Moçambique: a violência bárbara dos jihadistas. Um editorial de Andrea Riccardi

Quem está por detrás dos terroristas de Ansar al-Sunna num país que possui a terceira maior reserva de gás natural de toda a África?

Conheci Moçambique nos anos oitenta, após a luta de libertação do colonialismo português. Era apenas independente (desde 1975), já a braços com uma guerra civil com a Renamo, um movimento guerrilheiro anti-marxista, ligado à África do Sul. O que me impressionou foi uma miséria generalizada e profunda.

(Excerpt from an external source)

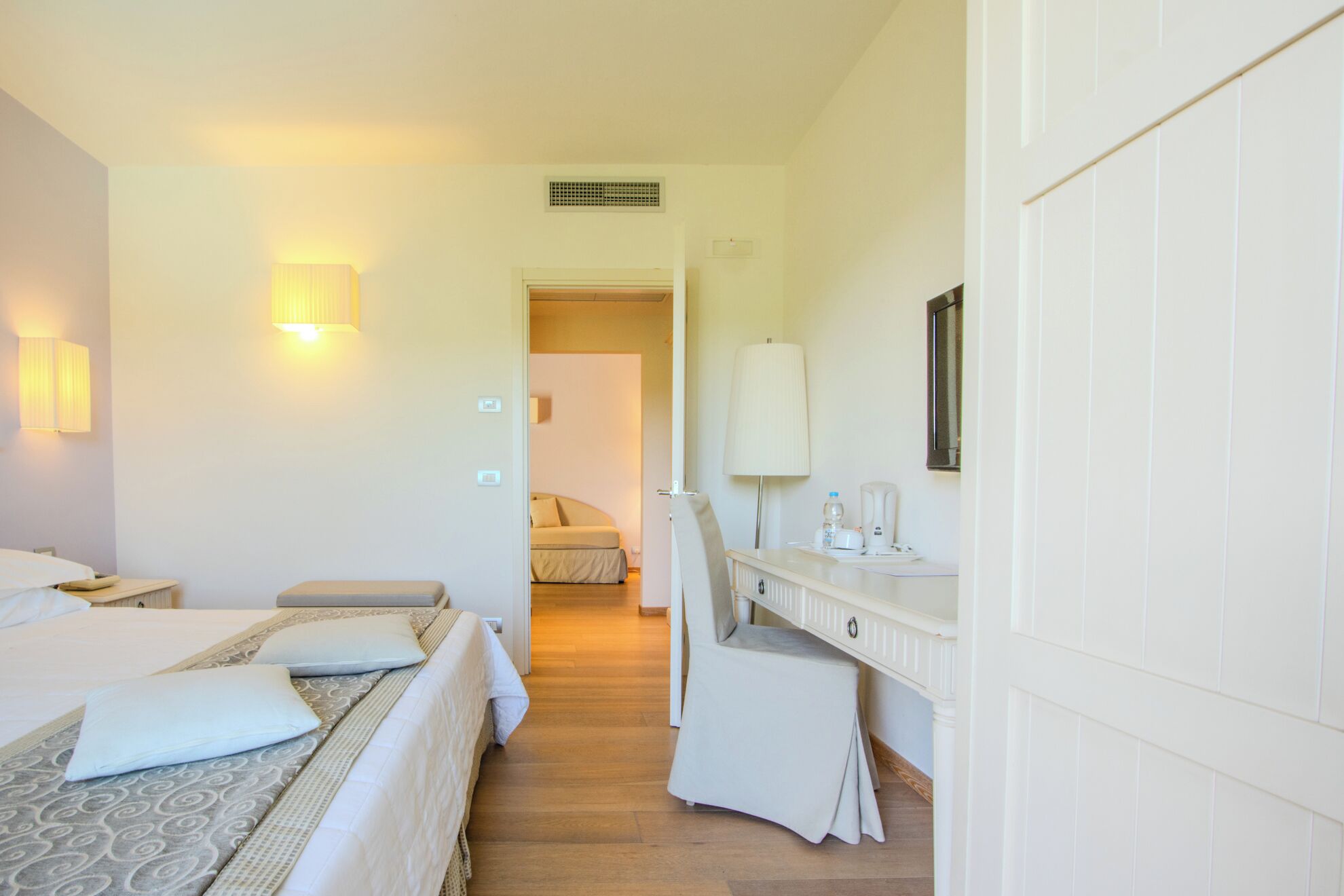 A hotel room with a bed, bedside table, lamp, and a view into the adjacent room.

No grande mercado central de Maputo havia pouco mais do que peixe seco. A guerra civil causou um milhão de mortos e muitas pessoas deslocadas. Terminou com uma negociação entre o governo e a Renamo em 1992, em Roma, em Sant'Egidio. Desde então, a história de um Moçambique pluralista começou, com muitos problemas, que contudo tem conhecido um desenvolvimento.

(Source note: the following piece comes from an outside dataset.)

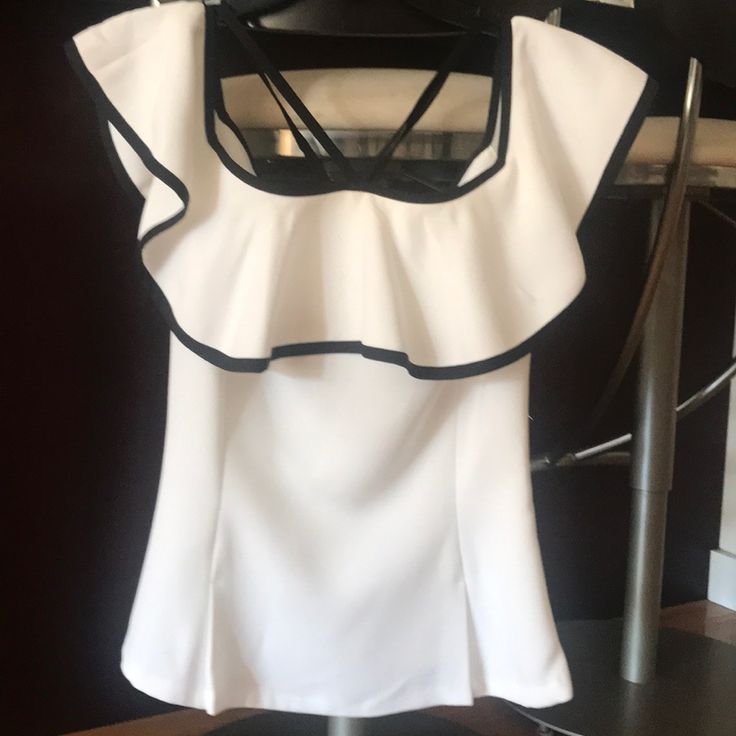 White Off Shoulder Top. Black Trim And Has Ties That Give Halter Look In Front And Tie In Back. Beautiful Fabric With Soft Peplum Shape. Side Zipper. Never Worn. White Short Sleeve Evening Blouse, White Ruffle Top For Night Out, White Ruffled Tops For Night Out, White Ruffled Evening Top, White Short Sleeve Tops For Evening, White Fitted Top Blouse For Party, White Fitted Blouse For Party, Elegant White Stretch Tops, White Fitted Blouse For Night Out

Desde 2017, a fome infelizmente regressou a Moçambique. Cerca de 670.000 moçambicanos deixaram o norte do país sob os ataques dos jihadistas de Ansar al-Sunna, criado por terroristas quenianos e tanzanianos, que recrutaram jovens marginalizados e desempregados.

A zona, atrasada, foi afectada pela descoberta da maior reserva de gás natural, a terceira maior em África, depois da Nigéria e Argélia. Com a presença de grandes empresas, o clima social mudou muito. As aldeias foram deslocadas e um mundo um pouco remoto foi perturbado. O jihadismo tirou proveito disto que, numa projecção para o Sul, da Somália para o Quénia, Tanzânia e Moçambique, quase segue os rastros da antiga expansão árabe-muçulmana. O Islão do Norte de Moçambique, tradicional, tem sido perturbado.

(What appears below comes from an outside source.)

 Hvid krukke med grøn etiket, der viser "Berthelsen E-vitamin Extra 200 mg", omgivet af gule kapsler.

Se a violência desumana dos terroristas é atestada por muitos refugiados (e vai até à decapitação de crianças), há incerteza sobre quem está por detrás do novo movimento jihadista. Compreende-se as causas sociais da adesão de muitos moçambicanos: representa uma alternativa à miséria e à desorientação de uma geração proveniente da zona mais pobre de um país pobre. Já tínhamos salientado em Famiglia Cristiana como a Jihad global está a tornar-se uma alternativa para os jovens africanos marginalizados em muitos países.

O Estado Moçambicano é frágil: não foi capaz de travar o avanço terrorista, que se aproxima quase como um novo Boko Haram, rapta pessoas e causou 2500 mortes. Além disso, o centro do país tem sido devastado por vários ciclones. Na cidade da Beira, que foi em grande parte destruída, os trabalhos de reconstrução avançam lentamente e muitos vivem em tendas.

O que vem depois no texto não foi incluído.